• _TRY IT_:
Exactly as they appear below, repeat the lines from the one with "VOFUOTI MAX Hip" through the one with "Twilight Oath Heavyweight". Drop every picture.

• _ENTRIES SUPPLIED_:
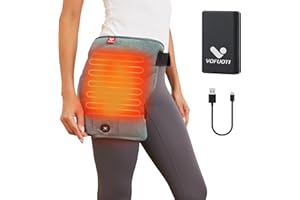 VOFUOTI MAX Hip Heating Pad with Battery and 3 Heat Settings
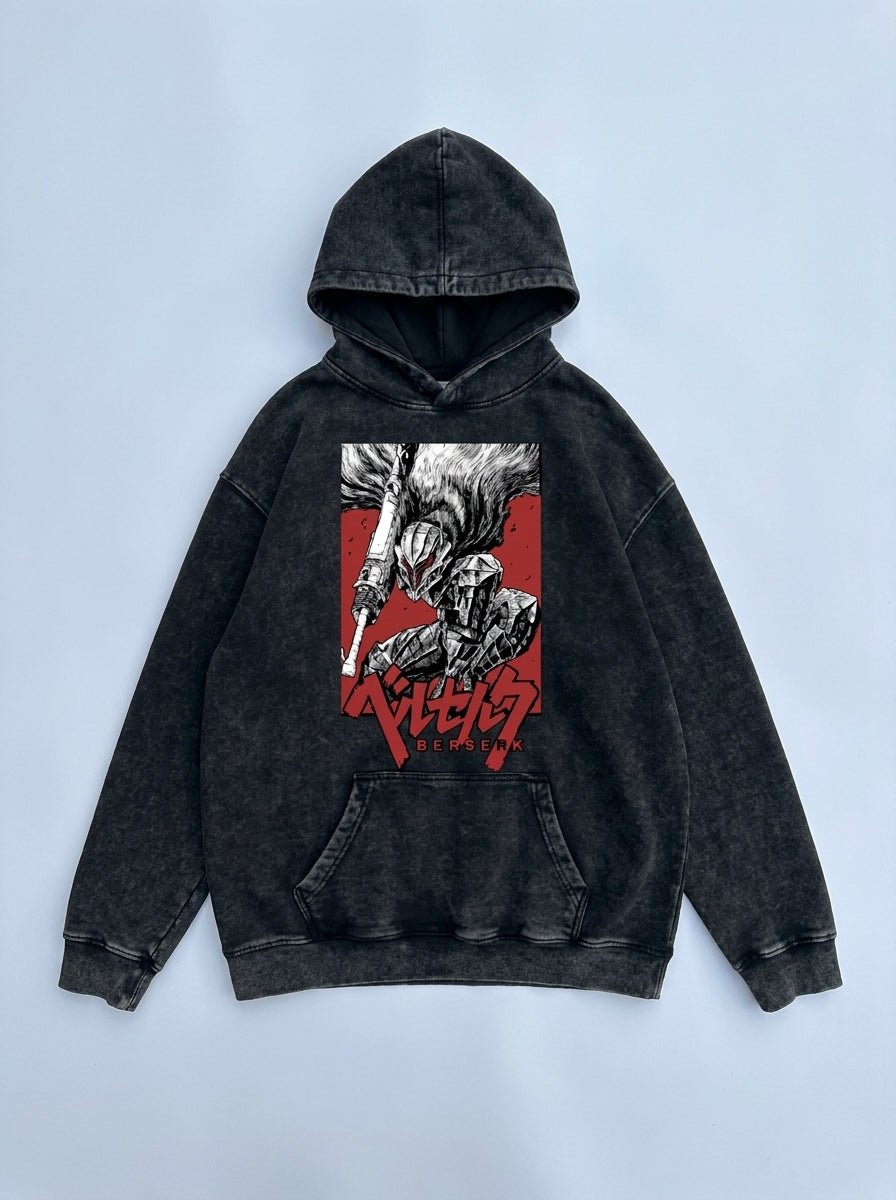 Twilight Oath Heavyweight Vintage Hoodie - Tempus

--

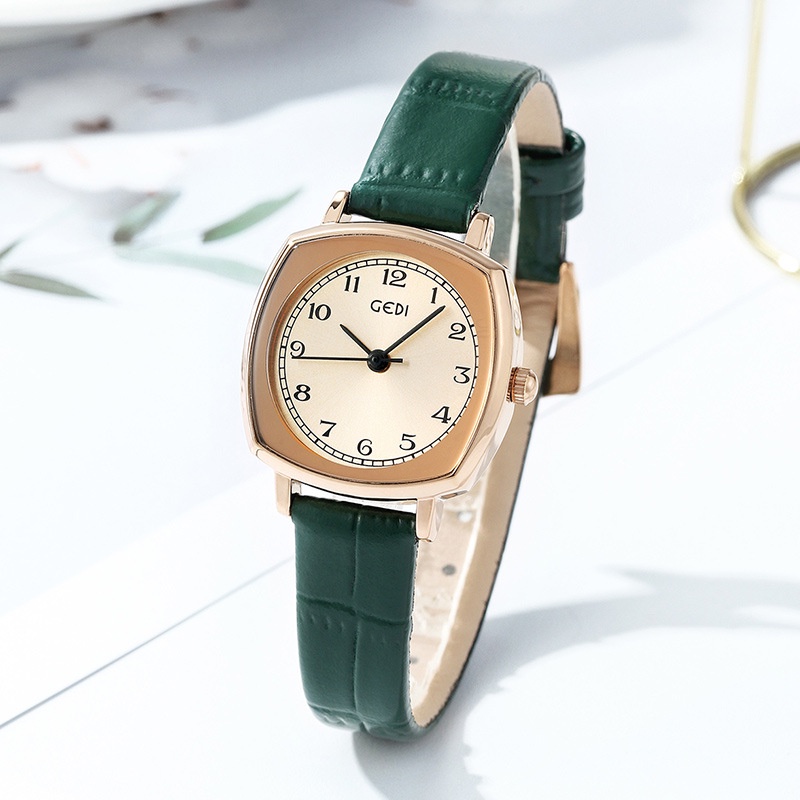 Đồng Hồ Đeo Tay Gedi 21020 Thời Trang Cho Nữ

• _RESPONSE TO THIS EXERCISE_:
 VOFUOTI MAX Hip Heating Pad with Battery and 3 Heat Settings
 Twilight Oath Heavyweight Vintage Hoodie - Tempus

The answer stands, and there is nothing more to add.